There is a sentence in Hatcher that I am really struggling to understand. We have the following theorem
If $X$ is a space and $A$ is a nonempty closed subspace that is a deformation retract of some neighborhood in $X$, then there is an exact sequence of reduced homology
$$\cdots\longrightarrow{H_n(A)}
\longrightarrow H_n(X)\longrightarrow H_n(X/A)\longrightarrow H_{n-1}(A)\longrightarrow H_{n-1}(X)\longrightarrow\cdots,$$
where the maps are induced by the inclusion $A\hookrightarrow X$ and the quotient map $X\rightarrow X/A$.
Let $\partial$ be the connecting homomorphism. There is then the phrase
The idea is that an element $x\in H_n(X/A)$ can be represented by a chain $\alpha$ in $X$ with $\partial\alpha$ a cycle in $A$ whose homology class is $\partial x\in H_{n-1}(A)$.
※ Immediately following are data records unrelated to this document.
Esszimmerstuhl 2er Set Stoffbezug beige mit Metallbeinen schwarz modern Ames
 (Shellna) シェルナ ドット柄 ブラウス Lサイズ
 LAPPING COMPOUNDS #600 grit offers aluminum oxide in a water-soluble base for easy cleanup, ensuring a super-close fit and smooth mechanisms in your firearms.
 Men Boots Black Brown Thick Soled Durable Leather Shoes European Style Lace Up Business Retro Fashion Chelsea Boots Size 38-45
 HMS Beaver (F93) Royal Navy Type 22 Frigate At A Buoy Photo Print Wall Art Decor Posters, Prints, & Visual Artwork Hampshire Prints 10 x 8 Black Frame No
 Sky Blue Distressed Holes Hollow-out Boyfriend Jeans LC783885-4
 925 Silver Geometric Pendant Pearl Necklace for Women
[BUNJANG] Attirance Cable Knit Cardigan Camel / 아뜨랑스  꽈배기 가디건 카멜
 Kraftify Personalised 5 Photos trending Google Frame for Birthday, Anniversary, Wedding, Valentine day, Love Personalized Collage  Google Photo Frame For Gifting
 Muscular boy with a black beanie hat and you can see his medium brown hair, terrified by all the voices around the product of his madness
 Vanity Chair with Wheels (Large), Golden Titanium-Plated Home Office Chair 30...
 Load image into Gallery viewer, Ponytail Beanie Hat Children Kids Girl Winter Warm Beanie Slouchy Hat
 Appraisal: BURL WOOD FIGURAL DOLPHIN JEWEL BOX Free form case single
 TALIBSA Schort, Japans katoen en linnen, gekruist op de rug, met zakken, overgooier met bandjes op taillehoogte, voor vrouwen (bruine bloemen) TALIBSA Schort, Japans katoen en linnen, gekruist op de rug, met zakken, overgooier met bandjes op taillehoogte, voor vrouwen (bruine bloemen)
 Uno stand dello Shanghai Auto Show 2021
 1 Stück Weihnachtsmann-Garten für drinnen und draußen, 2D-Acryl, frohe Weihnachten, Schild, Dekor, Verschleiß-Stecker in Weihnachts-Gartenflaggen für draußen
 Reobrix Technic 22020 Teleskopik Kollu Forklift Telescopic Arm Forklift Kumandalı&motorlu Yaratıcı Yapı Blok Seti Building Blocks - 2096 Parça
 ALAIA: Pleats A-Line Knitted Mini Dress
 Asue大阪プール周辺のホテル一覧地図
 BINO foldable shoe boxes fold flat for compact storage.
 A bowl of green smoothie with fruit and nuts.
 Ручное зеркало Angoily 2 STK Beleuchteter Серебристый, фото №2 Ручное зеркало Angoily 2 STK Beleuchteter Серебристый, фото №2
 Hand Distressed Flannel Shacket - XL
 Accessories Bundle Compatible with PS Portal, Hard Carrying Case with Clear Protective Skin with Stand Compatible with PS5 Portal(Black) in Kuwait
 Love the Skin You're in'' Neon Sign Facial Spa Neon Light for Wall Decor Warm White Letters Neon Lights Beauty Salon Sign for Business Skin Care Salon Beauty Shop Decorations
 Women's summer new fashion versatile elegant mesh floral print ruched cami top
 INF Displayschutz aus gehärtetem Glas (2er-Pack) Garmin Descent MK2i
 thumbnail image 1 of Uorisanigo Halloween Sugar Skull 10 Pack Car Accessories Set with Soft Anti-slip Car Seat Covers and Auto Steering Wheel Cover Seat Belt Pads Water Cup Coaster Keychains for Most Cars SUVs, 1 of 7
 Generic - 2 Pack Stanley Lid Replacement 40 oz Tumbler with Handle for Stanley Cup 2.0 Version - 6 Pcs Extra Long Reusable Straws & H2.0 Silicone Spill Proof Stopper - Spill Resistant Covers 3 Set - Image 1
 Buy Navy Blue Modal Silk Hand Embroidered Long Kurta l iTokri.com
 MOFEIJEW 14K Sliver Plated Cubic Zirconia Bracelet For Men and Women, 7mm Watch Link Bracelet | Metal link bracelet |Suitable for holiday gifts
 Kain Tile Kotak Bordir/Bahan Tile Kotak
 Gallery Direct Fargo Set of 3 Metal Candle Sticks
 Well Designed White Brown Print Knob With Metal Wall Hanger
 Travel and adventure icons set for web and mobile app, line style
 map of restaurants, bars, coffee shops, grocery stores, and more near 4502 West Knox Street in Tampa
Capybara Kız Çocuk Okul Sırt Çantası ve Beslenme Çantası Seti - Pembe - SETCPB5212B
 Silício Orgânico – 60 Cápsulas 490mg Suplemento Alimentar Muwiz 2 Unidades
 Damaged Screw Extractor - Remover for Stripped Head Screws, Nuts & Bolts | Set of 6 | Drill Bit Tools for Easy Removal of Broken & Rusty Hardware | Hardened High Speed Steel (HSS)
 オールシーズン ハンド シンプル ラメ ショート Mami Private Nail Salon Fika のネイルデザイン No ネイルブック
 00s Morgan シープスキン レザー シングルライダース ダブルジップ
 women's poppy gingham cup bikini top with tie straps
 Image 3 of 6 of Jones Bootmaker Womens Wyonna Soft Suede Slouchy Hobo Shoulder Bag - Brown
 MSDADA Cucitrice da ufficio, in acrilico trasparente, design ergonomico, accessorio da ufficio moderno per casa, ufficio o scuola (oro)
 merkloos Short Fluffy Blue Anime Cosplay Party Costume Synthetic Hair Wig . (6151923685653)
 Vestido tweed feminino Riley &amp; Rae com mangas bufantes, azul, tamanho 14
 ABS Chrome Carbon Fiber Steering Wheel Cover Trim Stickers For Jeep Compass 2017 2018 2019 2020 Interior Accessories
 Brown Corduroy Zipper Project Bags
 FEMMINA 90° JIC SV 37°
I am a little confused by what this means. It seems that the element $\partial\alpha$, where in this case I assume that the $\partial$ is the boundary map, must be an element of $H_{n-1}(A)$. But then why is $\alpha\in X$? I feel like it should be an element of $A$, so I'm a little confused by what's going on here.
Best Answer
$x$ lives in $X/A,$ but one could hope to express it as a $p \alpha,$ where $\alpha$ is lives in $X$ and $p$ is the projection $X \to X/A$. Then, since $\partial x = 0$ in $X/A,$ "on the level of $X$" $\partial x$ is also zero except some part of the boundary may be in $A,$ so that it becomes zero after projecting on $X/A.$ For example, for an interval $-$ $(X, A) = (I, \partial I)$, $I/\partial I$ is a circle, and the chain $\Delta^1 \xrightarrow{\simeq} I \to I/\partial I$ has zero boundary, so defines a homology class. And it can be considered as a chain in $I$ (the first arrow of the composition), whose boundary is then the difference between two points of $\partial I$. The substantial part of the statement is that any chain can be viewed like this.